[Source material]:

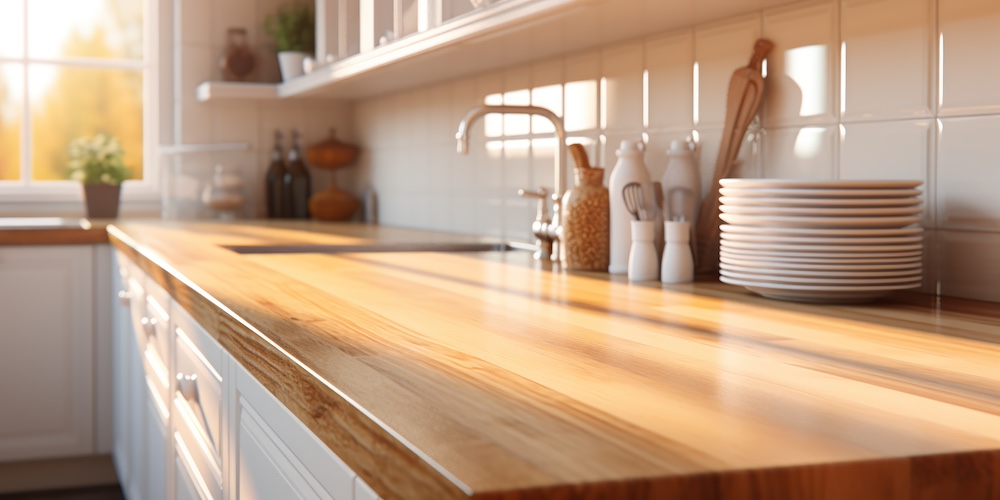 Decluttering Kitchen Counter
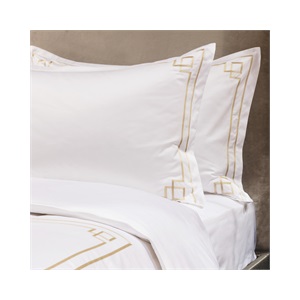 Peter Reed 600tc Hera   Duvet Set in Metallic Stone
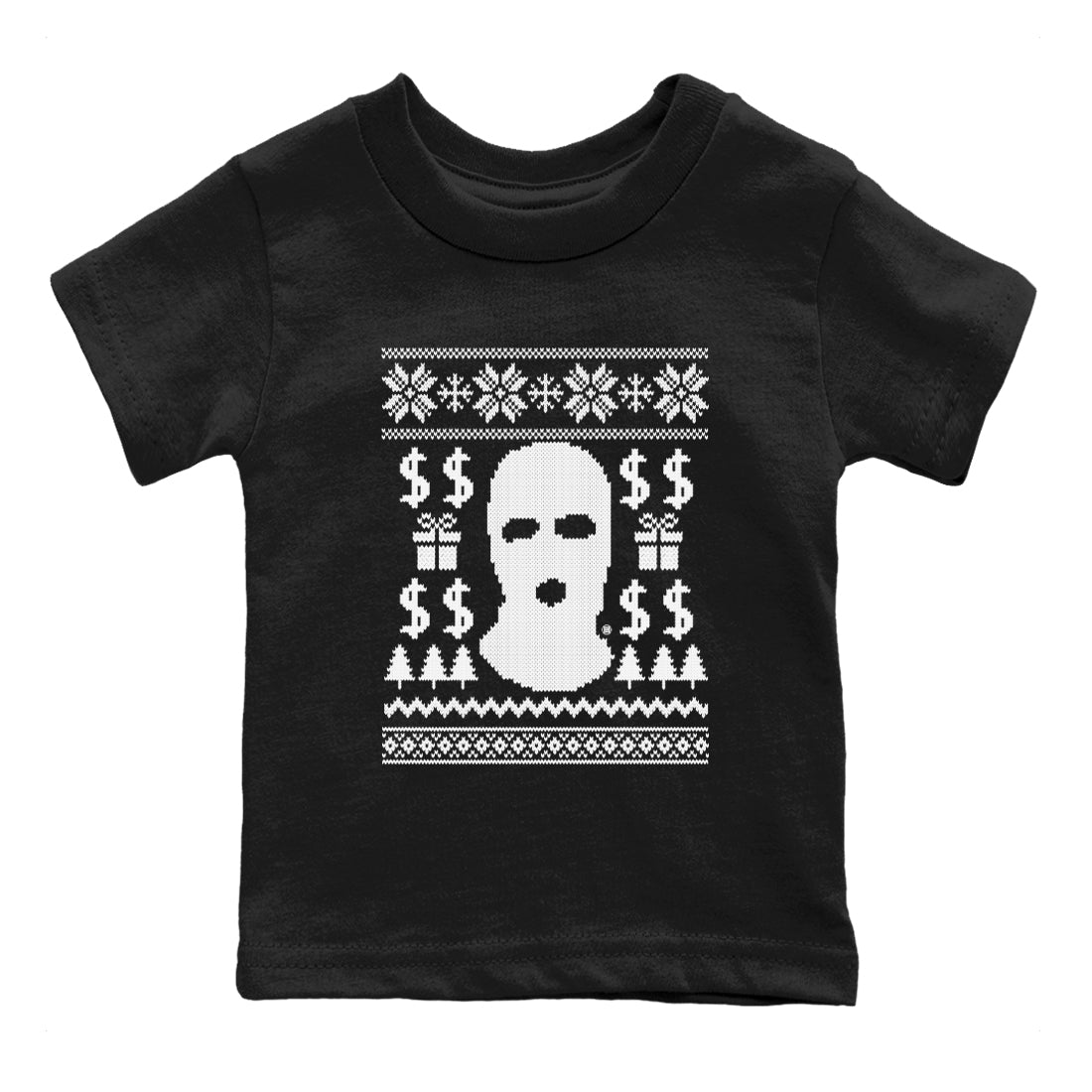 4s White Thunder shirts to match jordans Gangster Ugly Sweater sneaker match tees Air Jordan 4 Retro White Thunder match shoes to clothes SNRT Sneaker Tees Youth Baby Black 2 tee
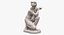 Crouching Venus Statue Base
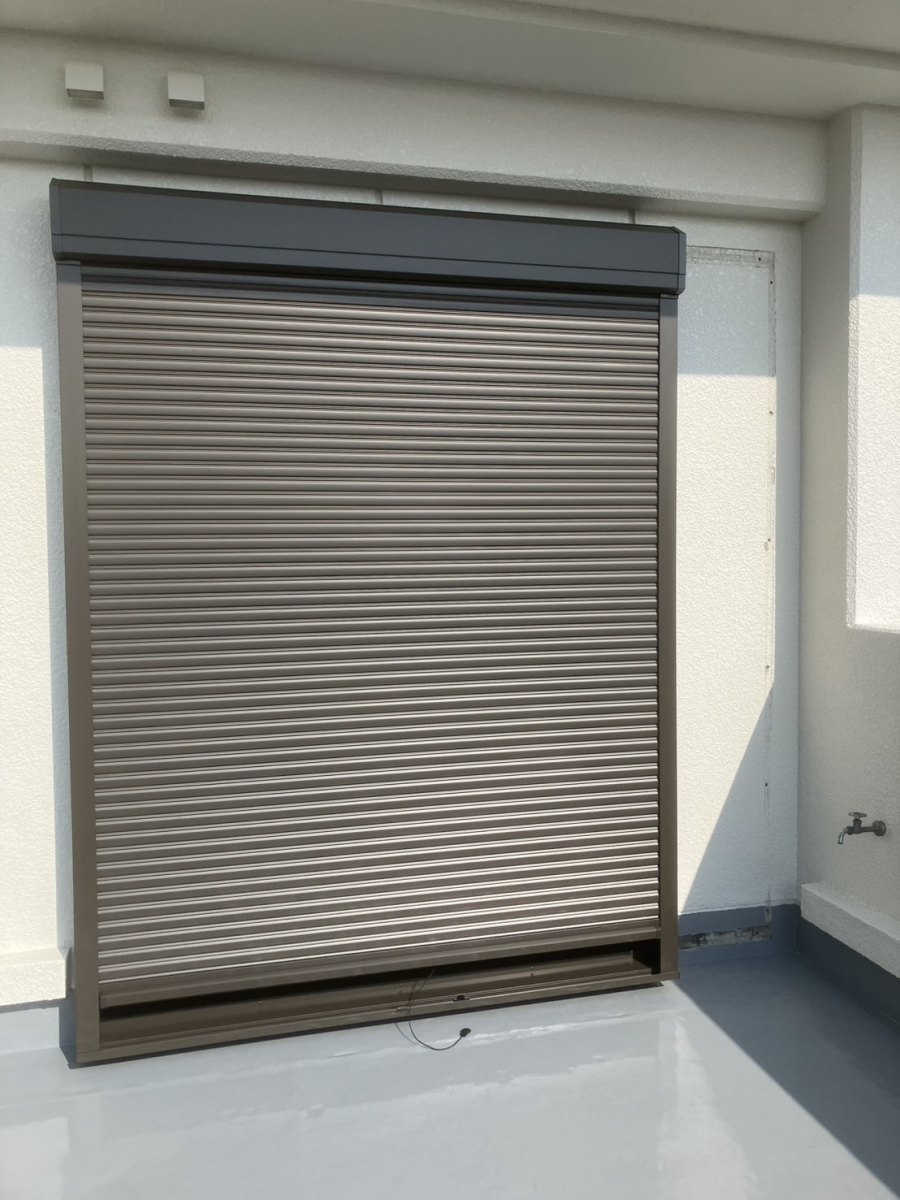広海クラシオ 徳島店のシャッターで安心をロックオン! 防犯×防災、省エネ~お家の窓に最前線の備えをしませんか?の施工後の写真2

[Directions for this task]: Repeat the lines of the records verbatim, starting at the line containing "Peter Reed 600tc" and stopping after the final line. Images stay out.

[Response]:
 Peter Reed 600tc Hera   Duvet Set in Metallic Stone
 4s White Thunder shirts to match jordans Gangster Ugly Sweater sneaker match tees Air Jordan 4 Retro White Thunder match shoes to clothes SNRT Sneaker Tees Youth Baby Black 2 tee
 Crouching Venus Statue Base
広海クラシオ 徳島店のシャッターで安心をロックオン! 防犯×防災、省エネ~お家の窓に最前線の備えをしませんか?の施工後の写真2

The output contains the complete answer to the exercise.